In the first step, the dependent
variables are
1/\sqrt(m) and
1/m, where
m = 1, ... 10, 1000000. The
independent variable is statistics corresponding to upper percentiles
0.25, 0.1, 0.05, 0.025, 0.01. The prediction values corresponding to actual number of samples
minus 1 are stored. Therefore there are 5 OLS regressions in this step and 5 prediction values.
In the second step, the dependent variables are 5 predictions and their squares, and the
independent variables are the p-values
{0.25,0.1,0.05,0.025,0.01}. The p-value corresponding
to the actual statistics
tm is predicted by the linear regression model
tm(\alpha)
= b0+b1/\sqrt(m)+b2/m.
The details of this step is not mentioned in the paper.
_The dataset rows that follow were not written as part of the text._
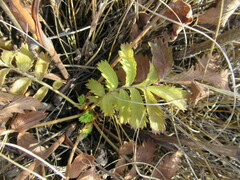 Potentilla longifolia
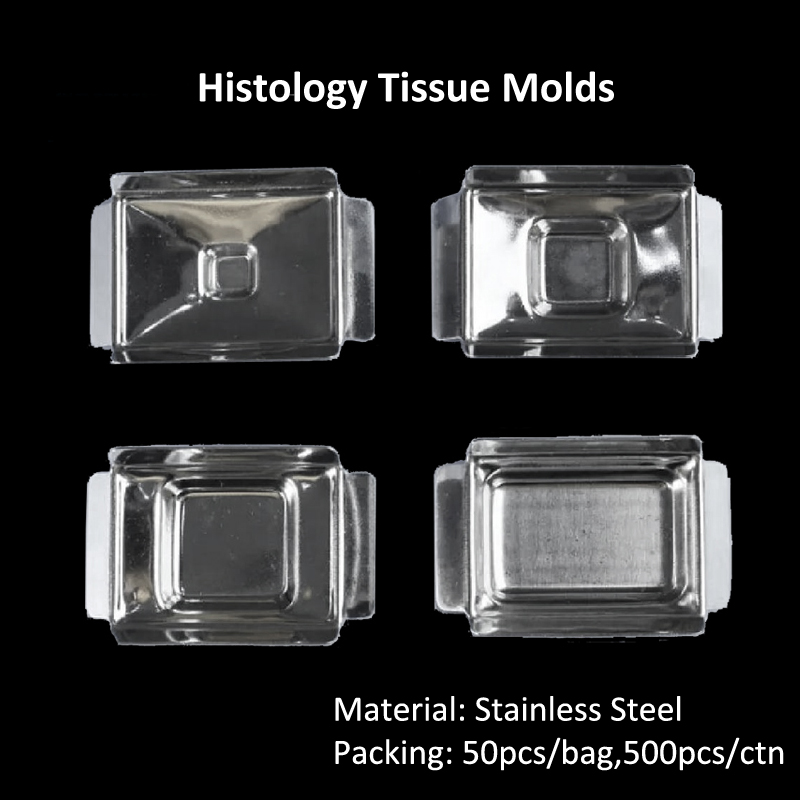 Laboratory Medical Stainless Steel Reusable Pathology Histology Tissue Embedding Cassette Molds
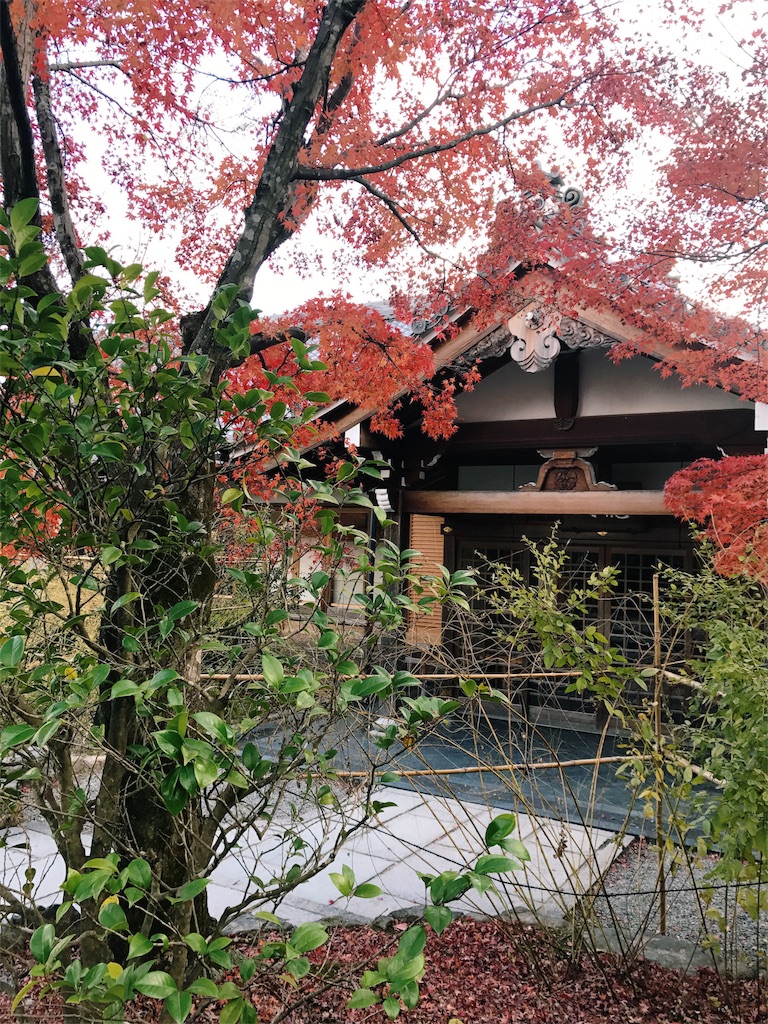 紅葉した木の奥に古い庵が見える写真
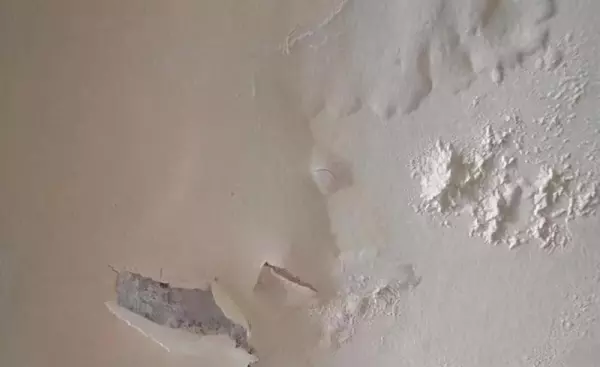 腻子粉配方用什么胶粉(4)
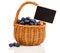 Bilberry in a basket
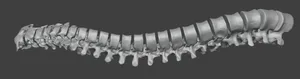 Real Human Spinal column, including cervical, thoracic and lumbar vertebra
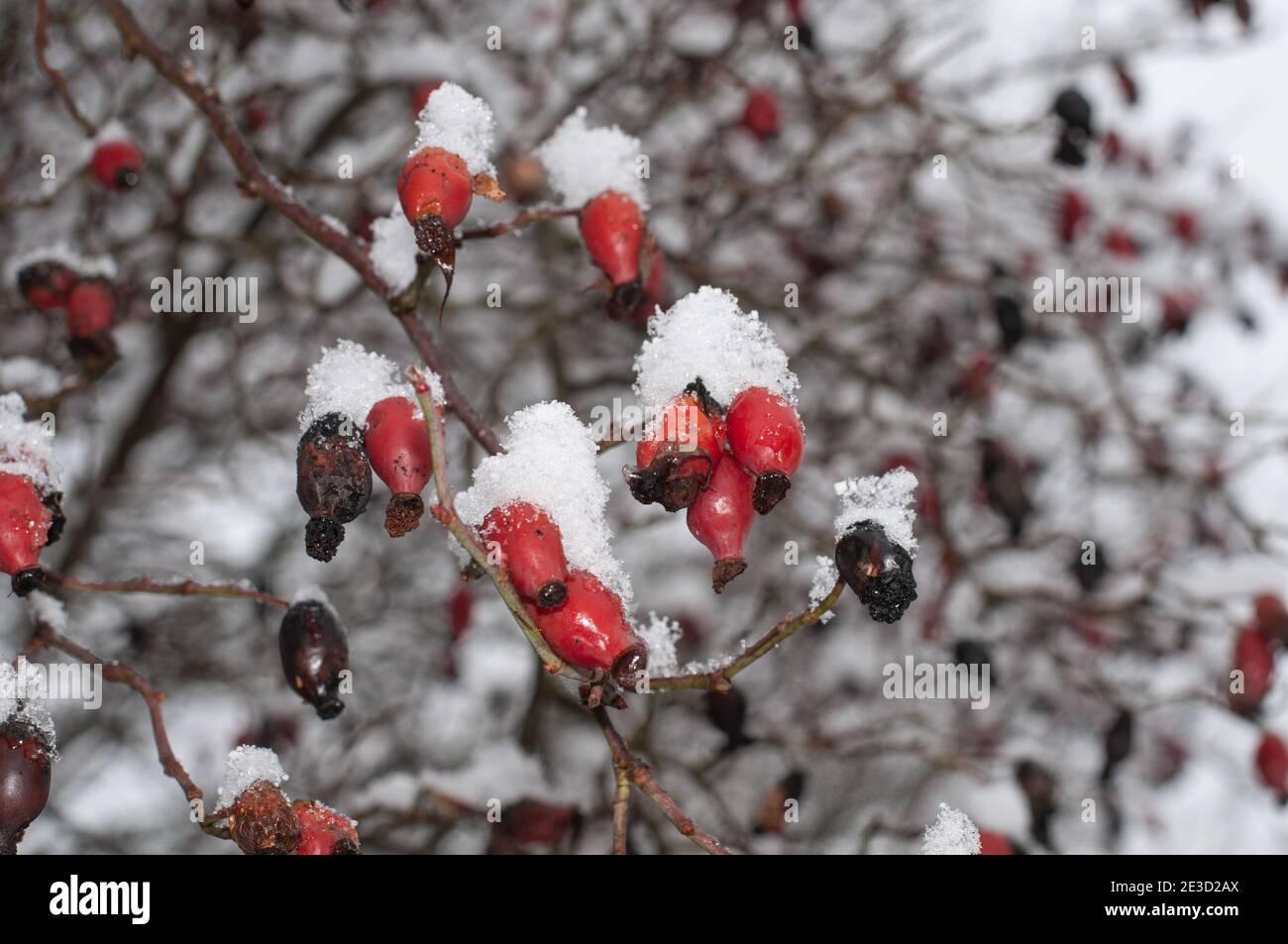 close up of snow on red hips of a dog rose shrub in winter Stock Photo ...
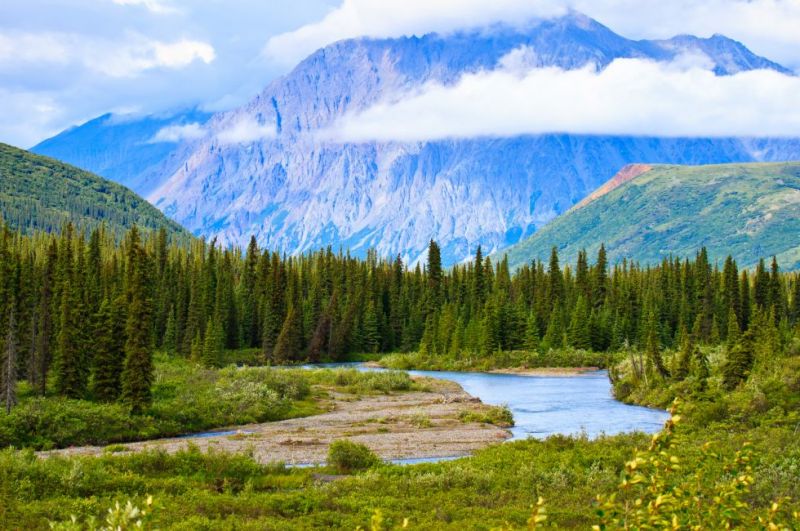 Image for Denali National Park, Alaska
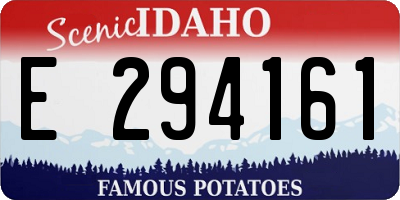 ID license plate E294161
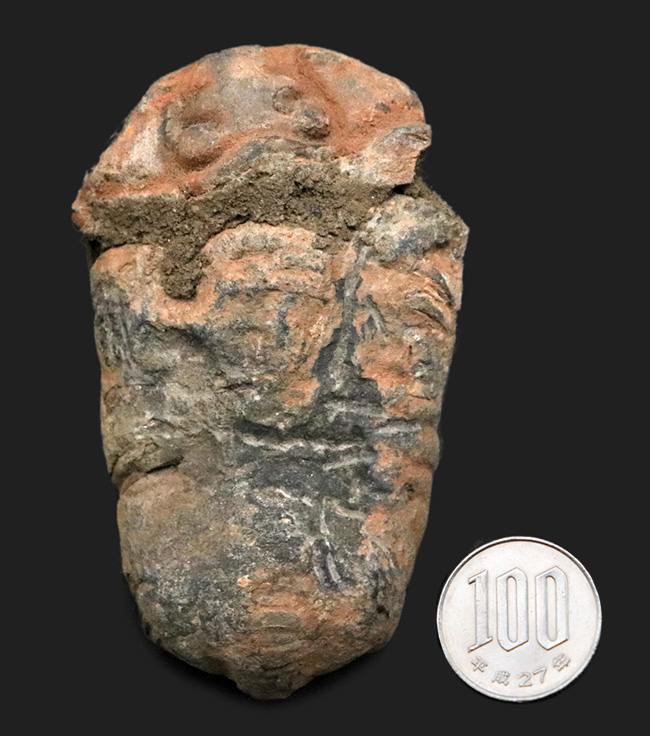 巨大芋虫のような風貌が魅力的！モロッコのオルドビス紀の地層から採集された三葉虫、カリメネ（Calymene）の化石（その8）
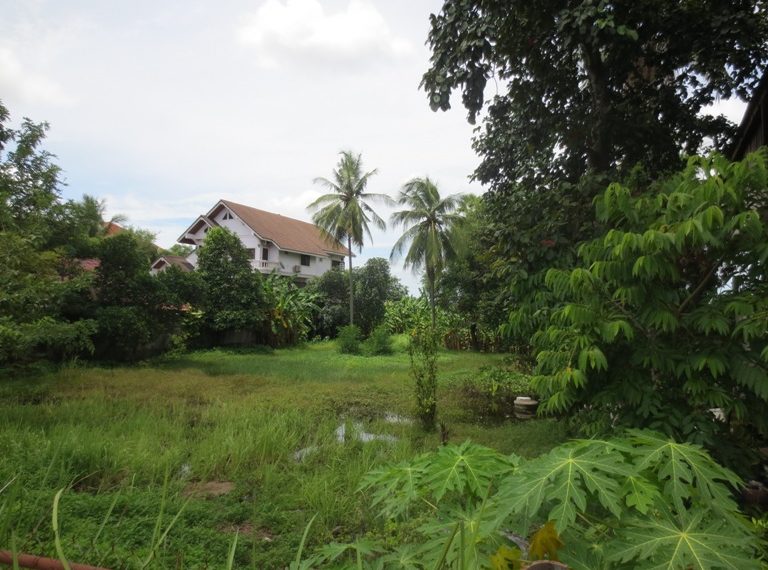 Land for sale (3)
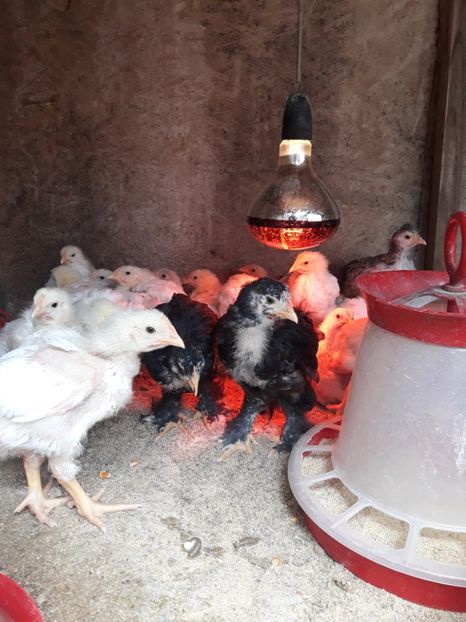  - Pui de găină 2020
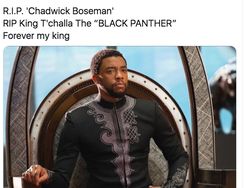 RIP Black Panther dan Wakanda Forever Menggema di Linimasa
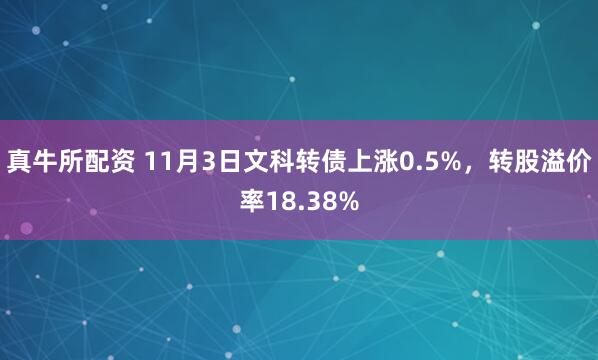 真牛所配资 11月3日文科转债上涨0.5%，转股溢价率18.38%
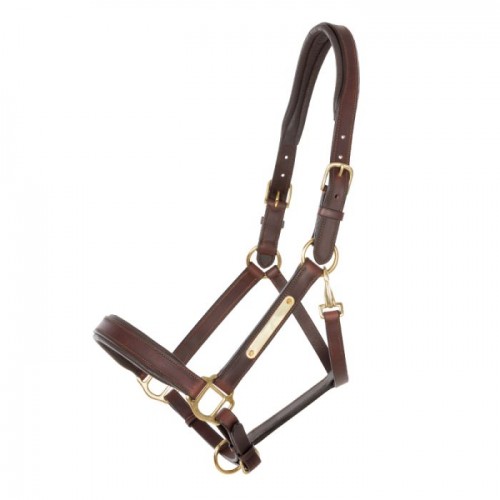 Kavalkade Leather Halter Cinta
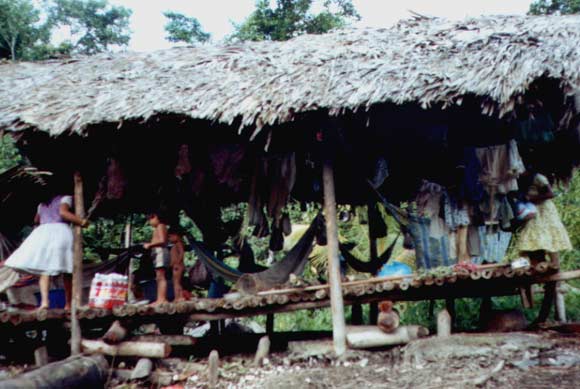 venezuelakati5
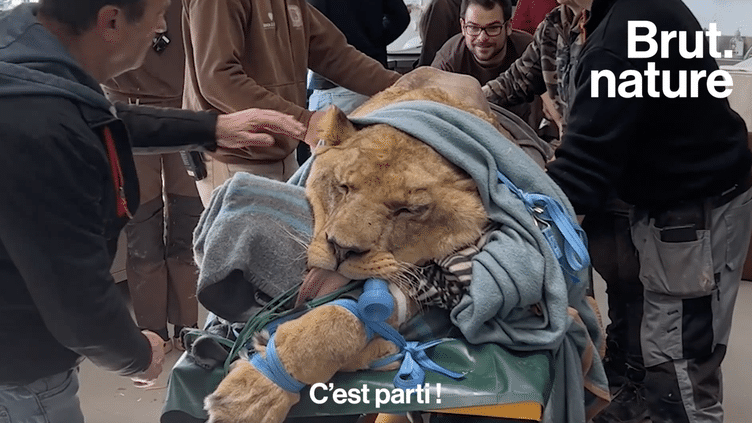 VIDEO. Refuge de La Tanière: l'opération de Léo, un lion de 13 ans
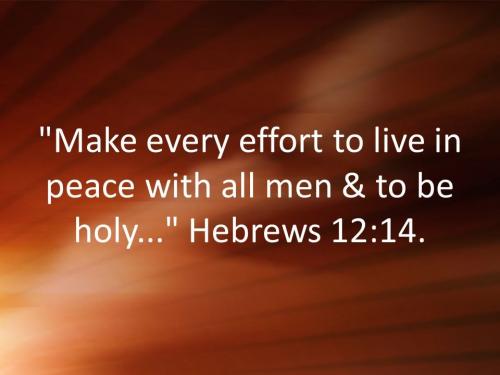 IMG_20240211_135211_130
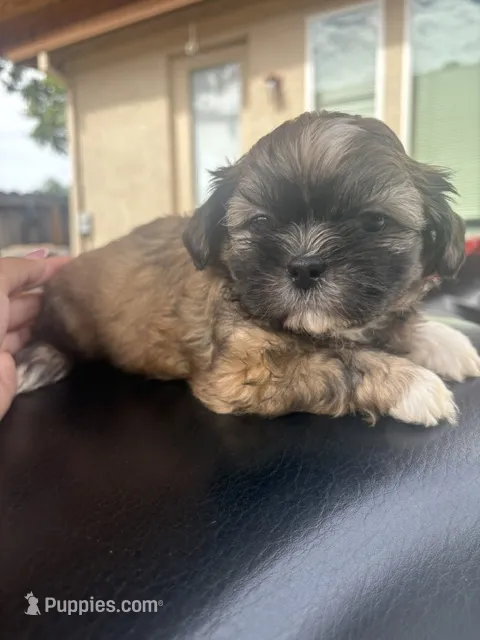 Bella – Shih Tzu puppy for sale in Oakland, CA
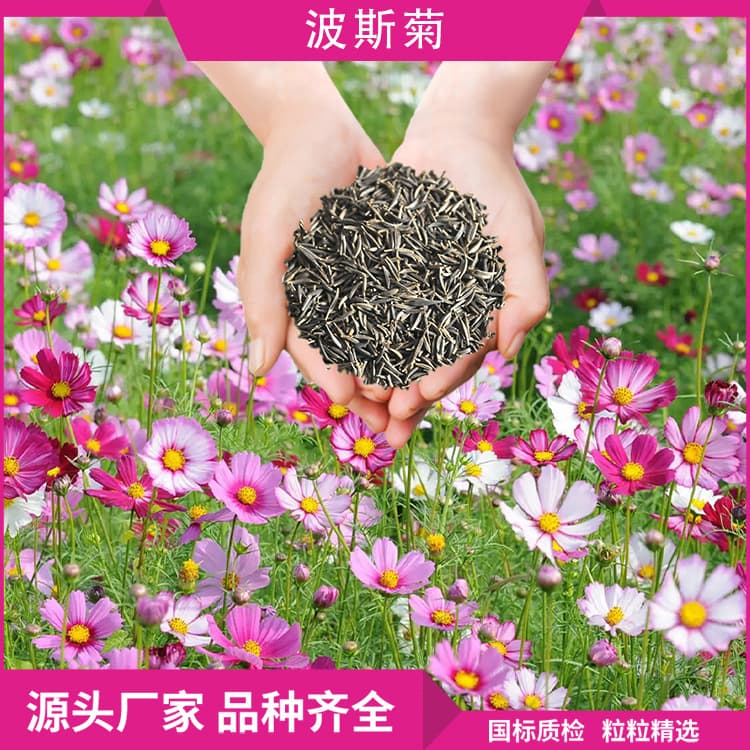 Wholesale Cosmos Flower Seeds, Easy-to-Grow Year-Round for Garden Landscaping and Flower Sea Projects, Gesang Flower Seed Base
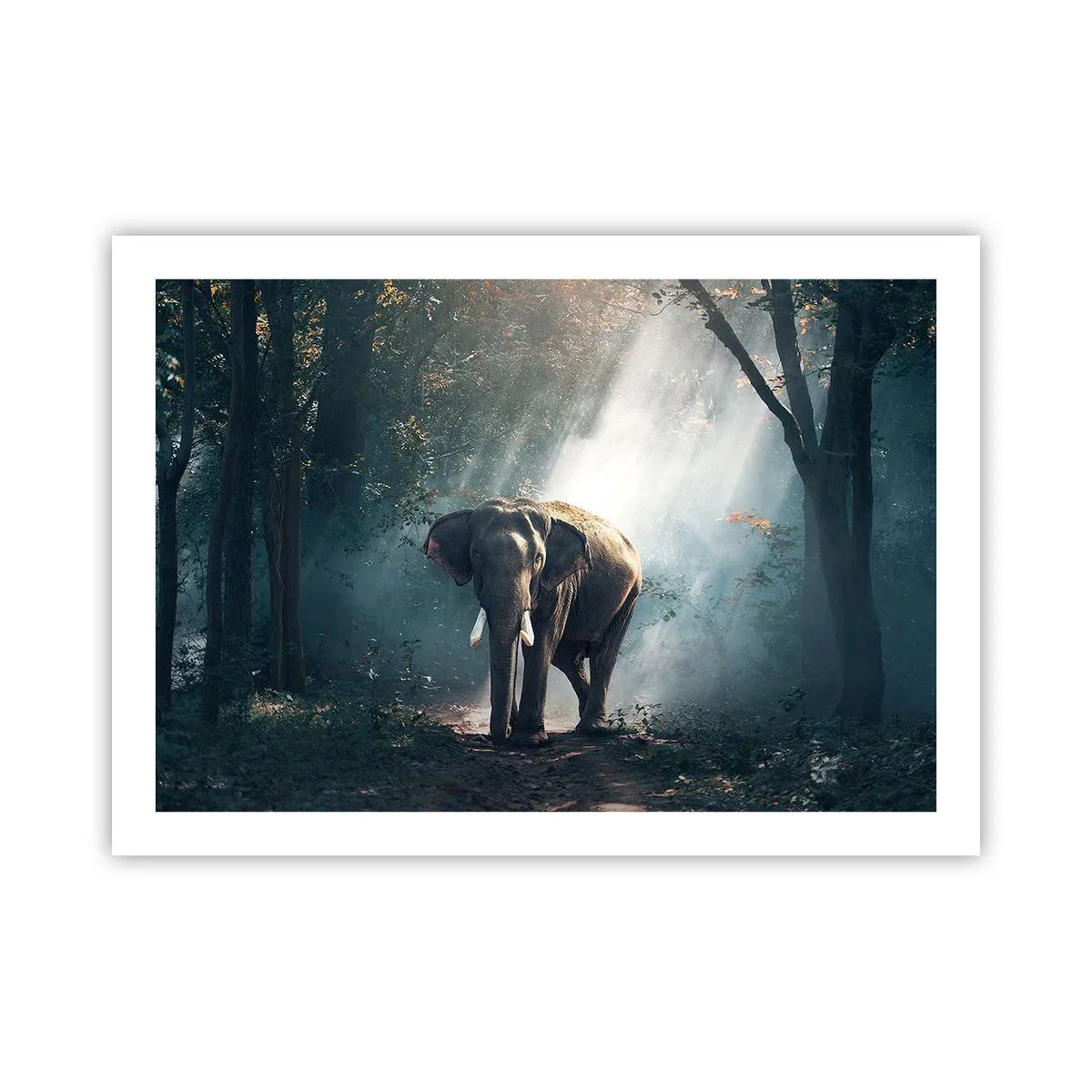 Poster - Een ontspannen wandeling - 70x50 cm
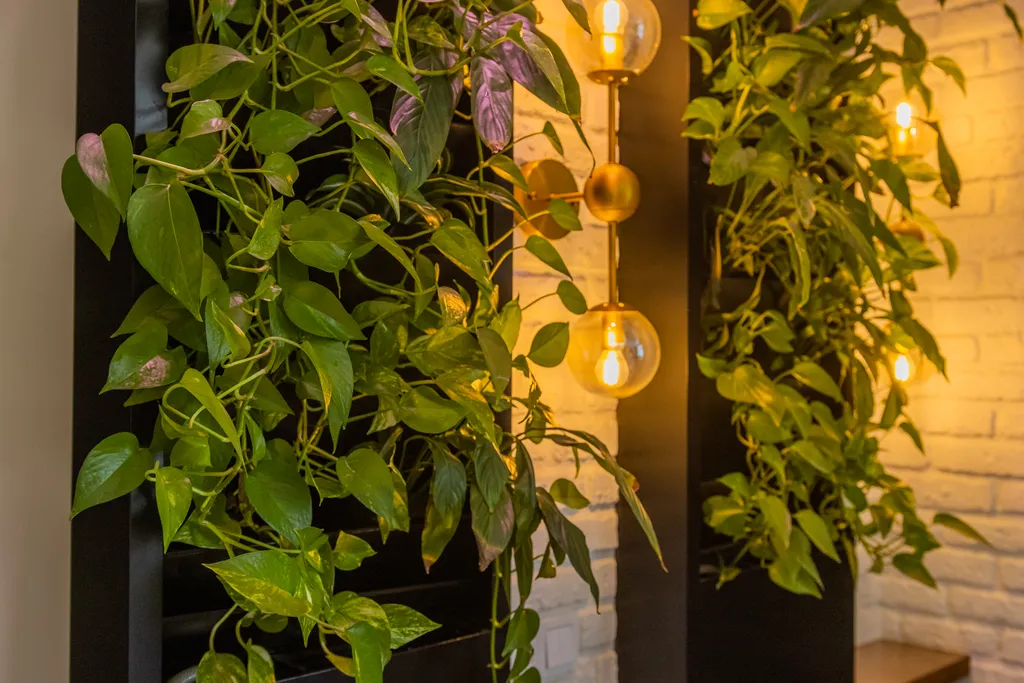 Видовые апартаменты Аквамарин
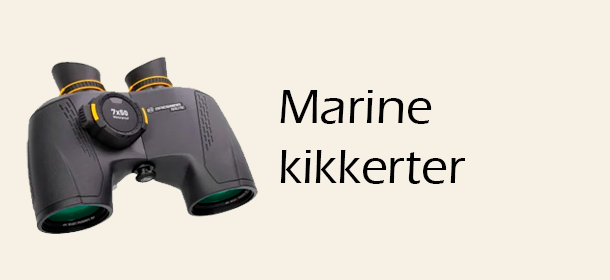 Marine kikkerter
The process of calculating p-value
when the statistics is not in the table is documented by only one sentence in right column
paragraph 3, p. 920: "Similarly, one could interpolate and even extrapolate p-value for the
observed Anderson-Darling statistic; see Section 7 for an example." The author suggests using
linear extrapolation. We use the second order extrapolation for two reasons:
1) By regressing the p-values against the statistics in Table 1. We found that the
coefficient of the second order term is significant in most cases and the R square value is
higher than the regression which only include the first order term. This indicates by
including the second order term, the extrapolation is more accurate. Take m=1 as an example:
the p-value of the second order coefficient is 0.03352. The corresponding R square 0.9994.
On the other hand the R square of regression which only includes the first order term is 0.9939.
2) The R program includes also the second order term.